Sebelum si Jon bertarung dengan anjing, warga sudah mengingatkan, melarang, agar tetap di surau saja. Biar petugas kerajaan yang akan menangkap anjing gila itu. Tapi, hatinya sudah _jadzab_, ia merasa Tuhan memanggilnya untuk menaklukan anjing itu.
Lalu pergilah ustadz Jon berhadapan dengan anjing gila. Belum apa-apa, dzikir dan doa belum sempat ia rapalkan, anjing itu menggonggong keras. Mengejar, menyeruduk, merobek sarung dan pantat kurusnya. Ia berteriak minta tolong, tapi warga tak ada yang berani mendekat. Untung saja, petugas kerajaan datang sebelum si Jon babak belur oleh "Tuhan yang menggerakkan anjing itu".
Setelah satu bulan penyembuhan, si Jon datang ke puncak gunung menemui Syaikh-nya.
"Jenengan salah, Syaikh," kata Jon setelah merenungi perkelahian dengan anjing. "Aku "melihat" Allah di anjing itu, tapi mengapa anjing itu tetap menerkam-ku?"
"Goblok!" seru gurunya si Jon. "Kau melihat Allah di anjing itu, tapi tak melihat Allah pada warga yang mengingatkan-mu!"
Si Jon yang petakilan itu akhirnya sadar, betapa belagu hatinya, merasa telah paham ilmu dari gurunya itu.
"Bagaimana kau akan menaklukan sesuatu diluar dirimu, jika _anjing_ (nafsu) di dalam dirimu belum mampu kau tundukkan?" kata gurunya si Jon lagi. "Kau sudah benar, bahwa apa yang dilakukan anjing itu bukan sebuah keburukan. Tapi kesombongan-mu itu lebih buruk dari apa yang anjing itu lakukan. Kau mendaki gunung ini dengan keyakinan yang salah : setiap apa yang tidak sesuai pemahaman-mu kau sebut sebagai keburukan. Belajarmu masih gagal,"
Si Jon tertunduk lemas. _Petakilannya_ seketika lenyap. Pemahaman dan keyakinan yang selama ini ia genggam kuat sejak kecil, bahwa keburukan itu berbeda dengan kebaikan - secara batin, salah besar. Bahwa apa yang disebut keburukan selama ini adalah apa yang nafsu dalam dirinya menolak untuk mendapatkannya.
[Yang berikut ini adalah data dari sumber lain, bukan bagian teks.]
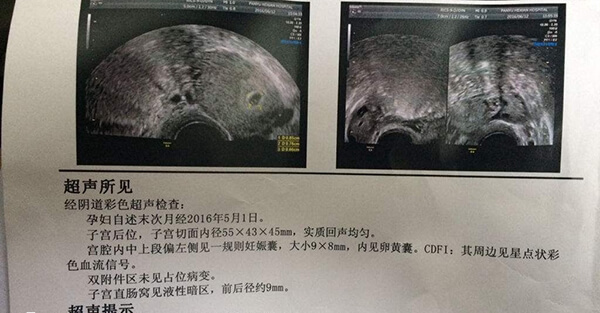 月经不调备孕做妇科彩超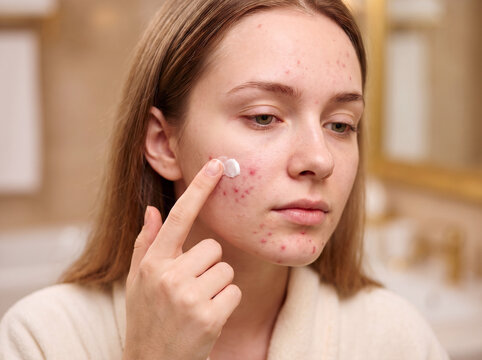 Young woman applying spot treatment cream to her acne prone skin in a bathroom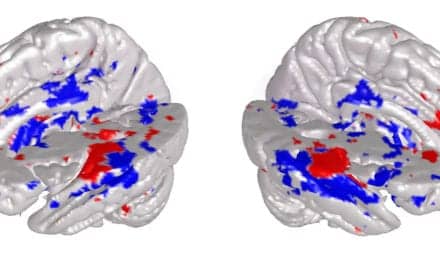 Musical Brain-reading Sheds Light on Neural Processing of Music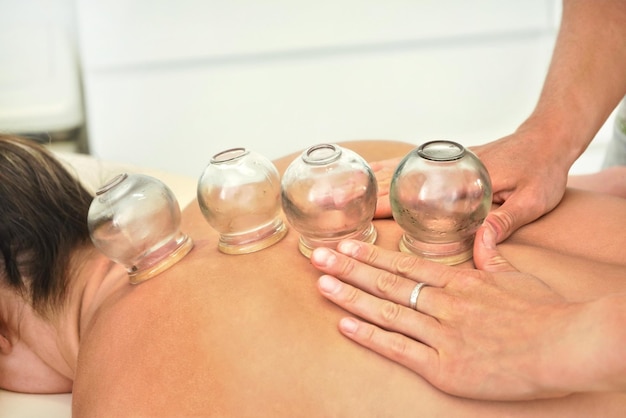 Foto fisioterapeuta feminina jovem aplicando bancos de sucção de vidro nas costas de seu paciente, durante a terapia de ventosas, detalhe de close-up.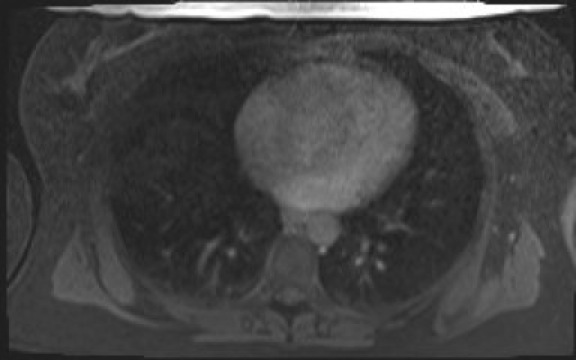 File:Normal hepatobiliary phase liver MRI (Radiopaedia 58968-66230 A 4).jpg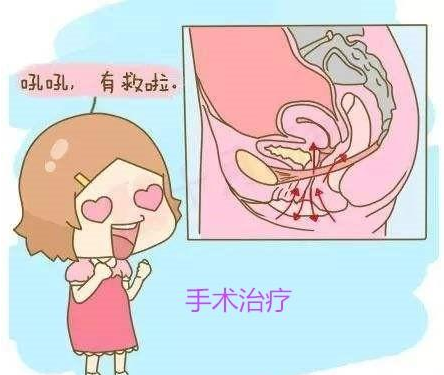 原创为什么产后容易发生尿失禁,如何治疗和调理?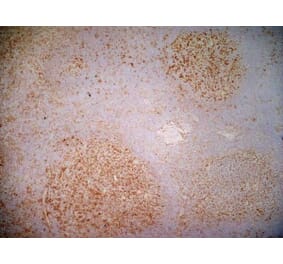 Immunohistochemistry - Anti-CD40 Antibody [LOB7/6] (A280900) - Antibodies.com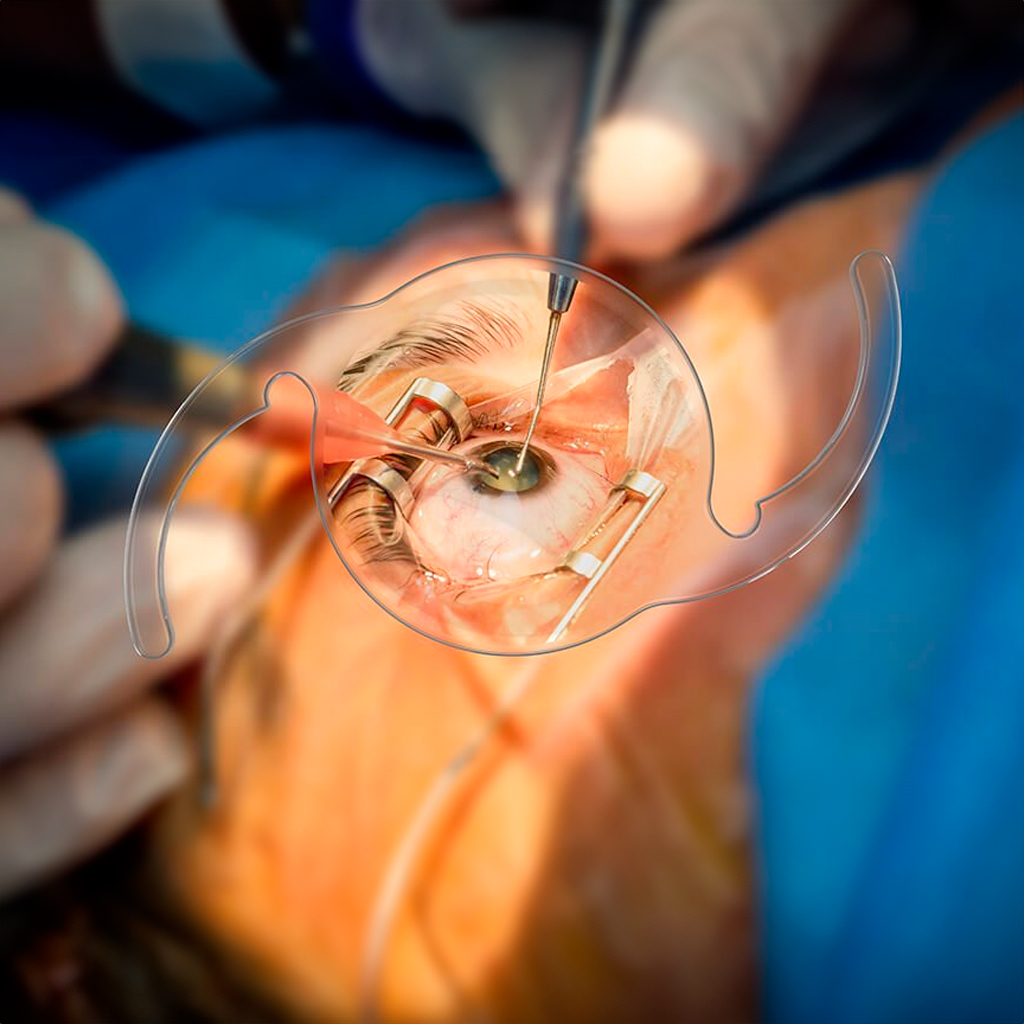 Cirugía Refractiva con Lentes Intraoculares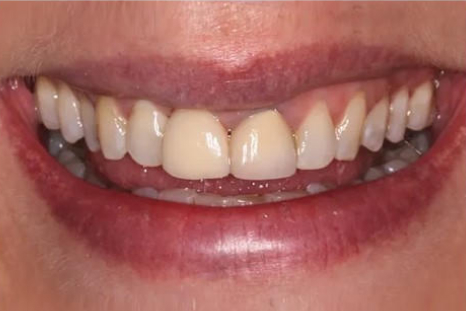 after dental implant picture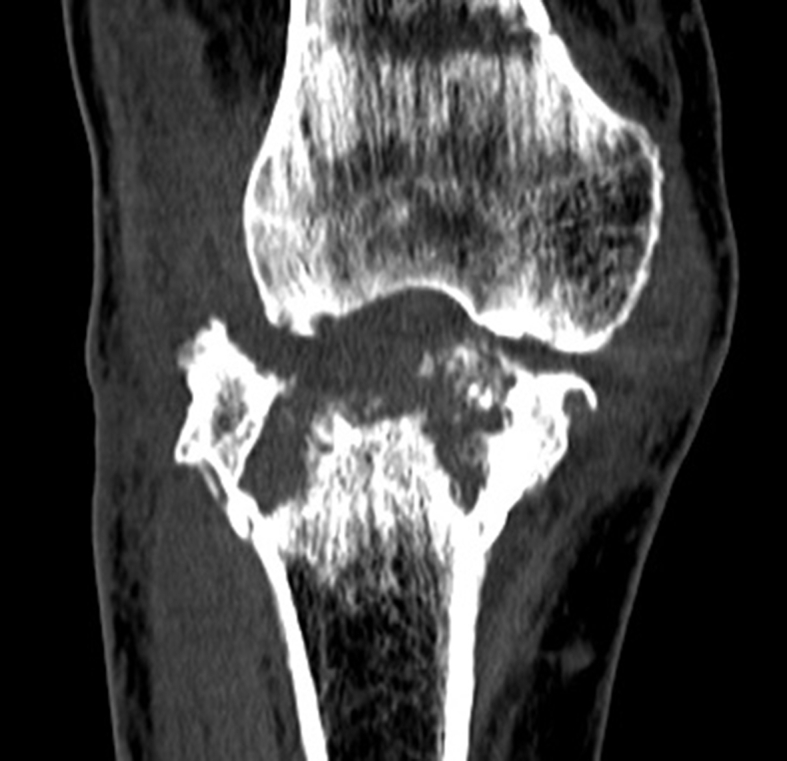 Fig. 1C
Sedangkan sebenarnya, keburukan adalah cara Tuhan untuk mengajari hamba-Nya agar melihat lebih jernih. Agar sejenak menenangkan diri dan merenung, seringkali kebaikan Tuhan datang dengan bungkus yang buruk. Lalu manusia seketika menolak dan tak mau menyentuhnya. Sebaliknya, tak ada satupun manusia - dijamin, akan menolak berlian meski hanya dibungkus kantong keresek hitam layaknya sampah yang kita buang tiap hari.